SUPPLIED ENTRIES -
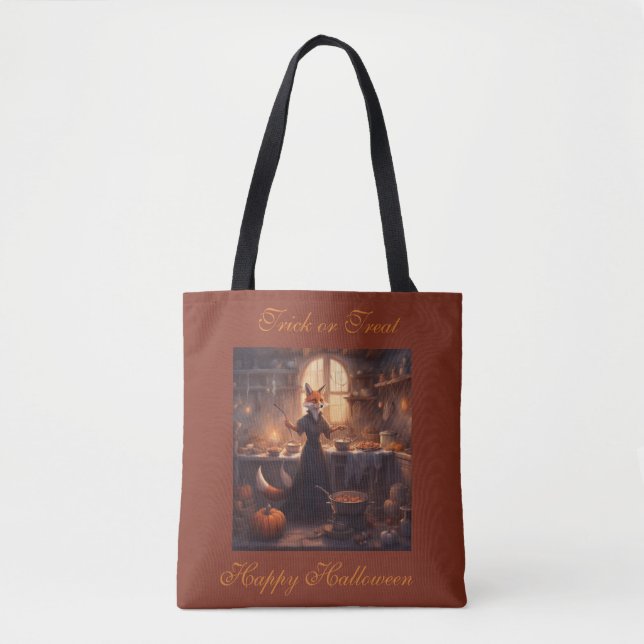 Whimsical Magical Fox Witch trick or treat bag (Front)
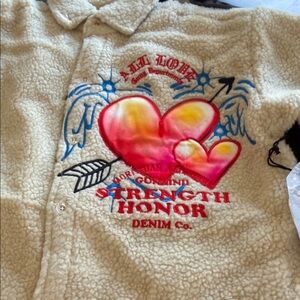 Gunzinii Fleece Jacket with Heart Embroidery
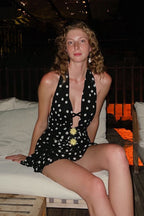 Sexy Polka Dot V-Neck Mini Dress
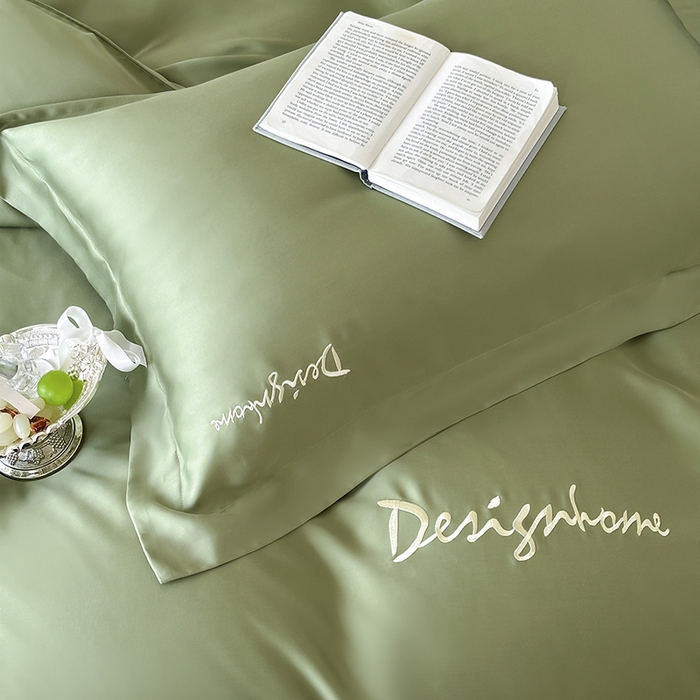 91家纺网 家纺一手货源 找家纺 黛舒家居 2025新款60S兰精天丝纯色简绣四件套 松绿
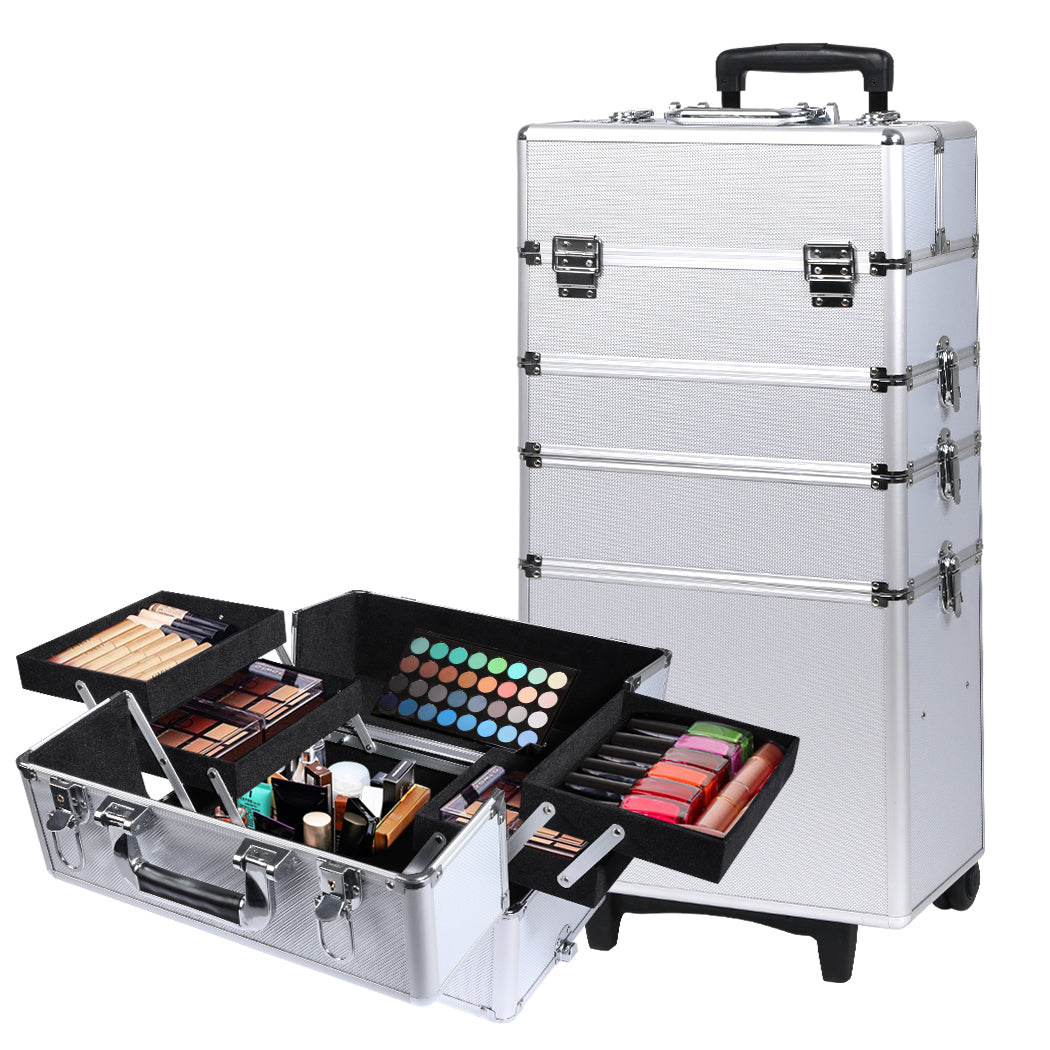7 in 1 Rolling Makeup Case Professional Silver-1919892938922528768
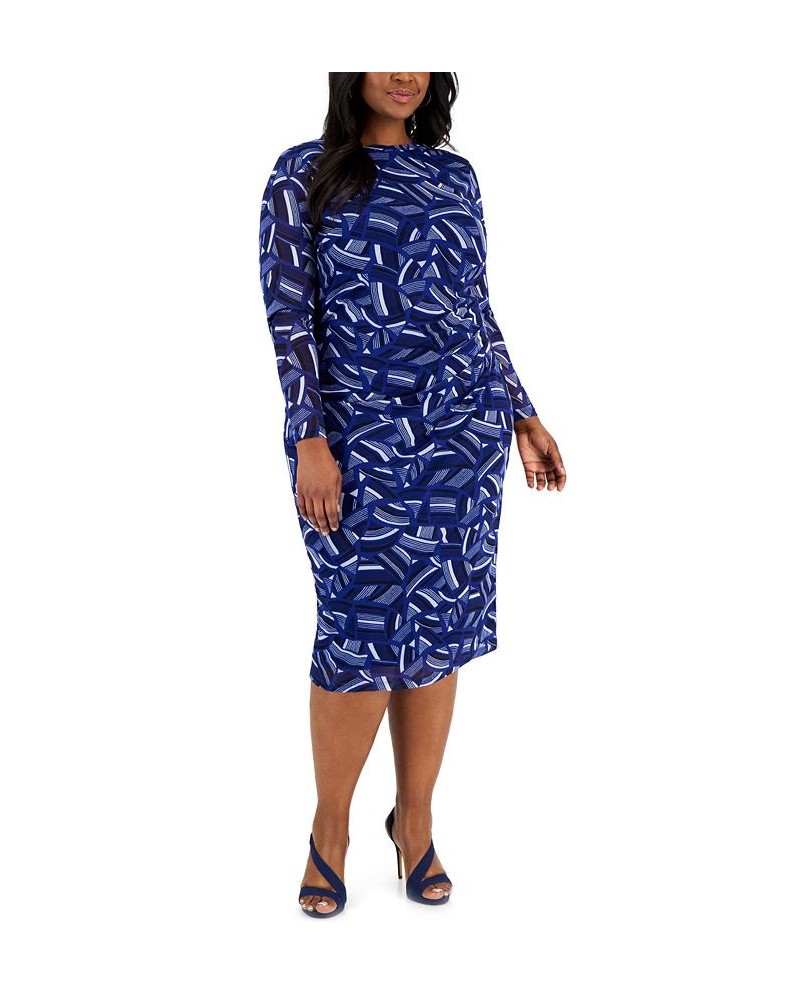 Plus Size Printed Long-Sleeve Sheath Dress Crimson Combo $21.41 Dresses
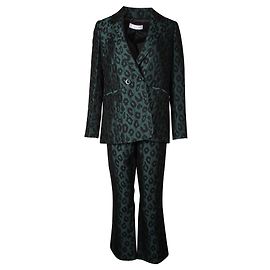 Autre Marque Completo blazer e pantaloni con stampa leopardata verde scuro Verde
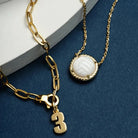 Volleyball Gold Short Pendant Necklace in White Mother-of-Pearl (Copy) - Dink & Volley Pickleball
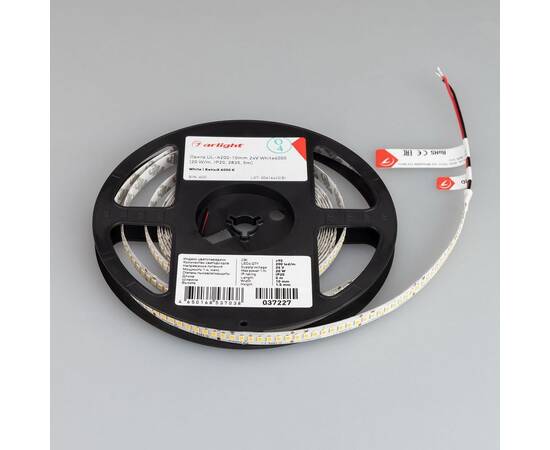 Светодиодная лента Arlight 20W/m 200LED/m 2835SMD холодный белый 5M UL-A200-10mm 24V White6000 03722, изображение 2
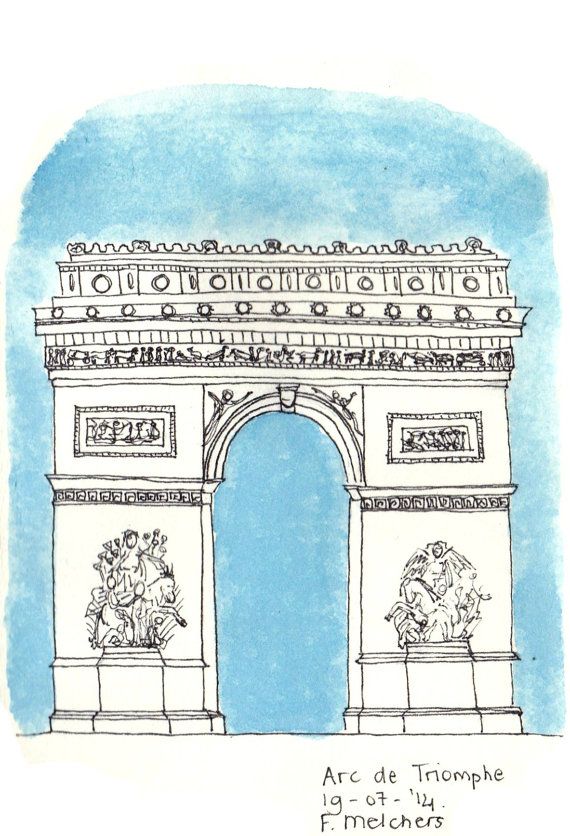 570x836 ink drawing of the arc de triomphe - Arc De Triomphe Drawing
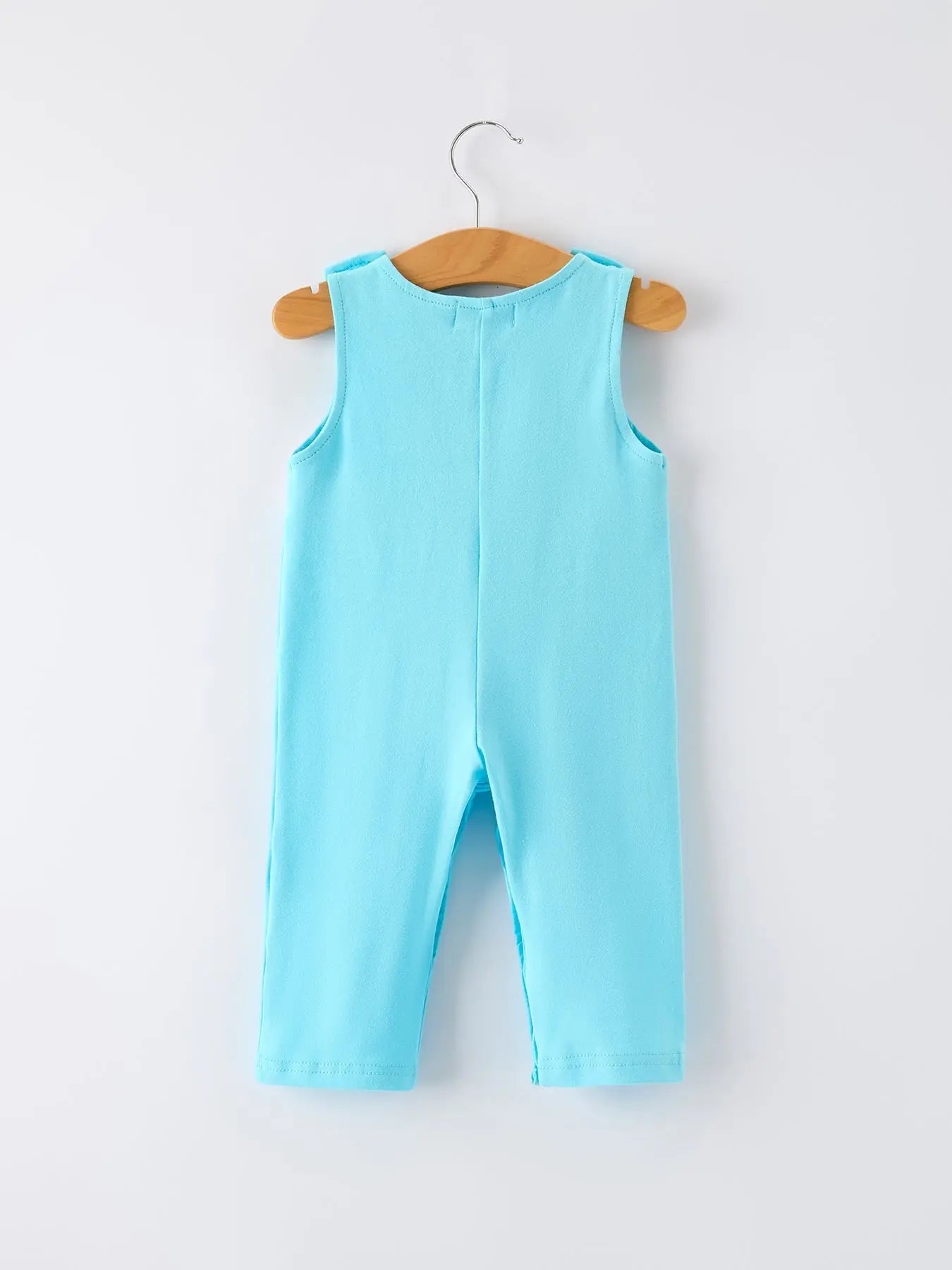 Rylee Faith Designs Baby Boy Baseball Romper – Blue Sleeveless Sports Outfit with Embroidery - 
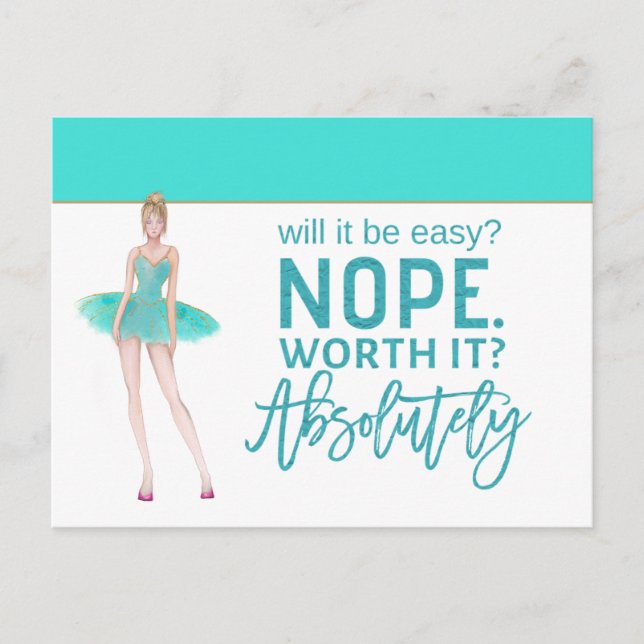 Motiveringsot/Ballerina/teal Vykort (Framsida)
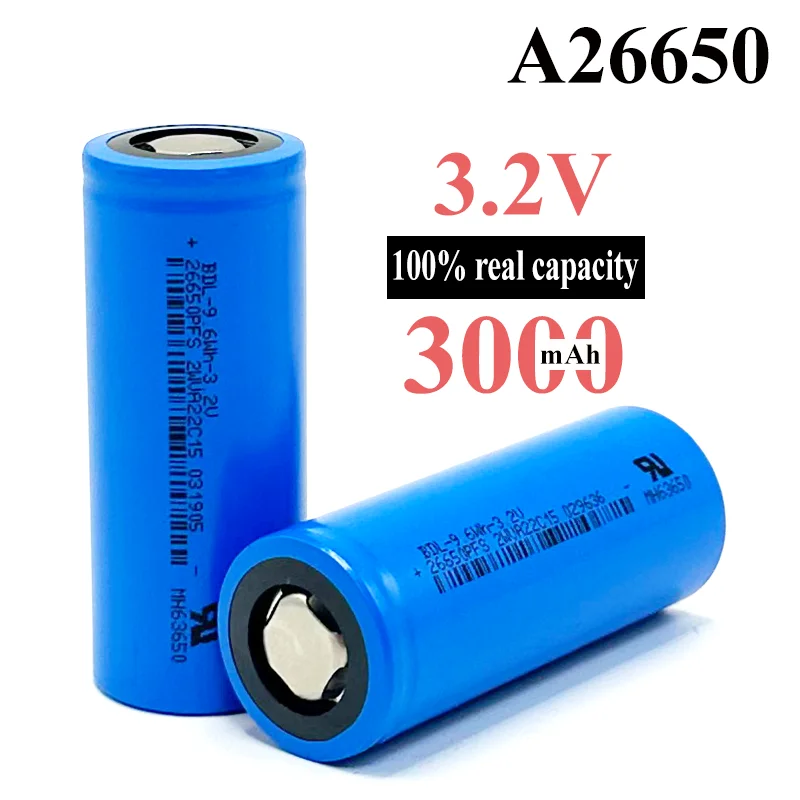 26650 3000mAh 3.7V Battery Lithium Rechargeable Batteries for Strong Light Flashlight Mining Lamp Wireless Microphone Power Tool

ACTION ITEM - Beginning with the line in which "Plus Size Printed" appears, repeat exactly each line down to the close of the material, leaving every picture out.

SOLUTION TO THE PROBLEM -
 Plus Size Printed Long-Sleeve Sheath Dress Crimson Combo $21.41 Dresses
 Autre Marque Completo blazer e pantaloni con stampa leopardata verde scuro Verde
 Volleyball Gold Short Pendant Necklace in White Mother-of-Pearl (Copy) - Dink & Volley Pickleball
 Светодиодная лента Arlight 20W/m 200LED/m 2835SMD холодный белый 5M UL-A200-10mm 24V White6000 03722, изображение 2
 570x836 ink drawing of the arc de triomphe - Arc De Triomphe Drawing
 Rylee Faith Designs Baby Boy Baseball Romper – Blue Sleeveless Sports Outfit with Embroidery - 
 Motiveringsot/Ballerina/teal Vykort (Framsida)
 26650 3000mAh 3.7V Battery Lithium Rechargeable Batteries for Strong Light Flashlight Mining Lamp Wireless Microphone Power Tool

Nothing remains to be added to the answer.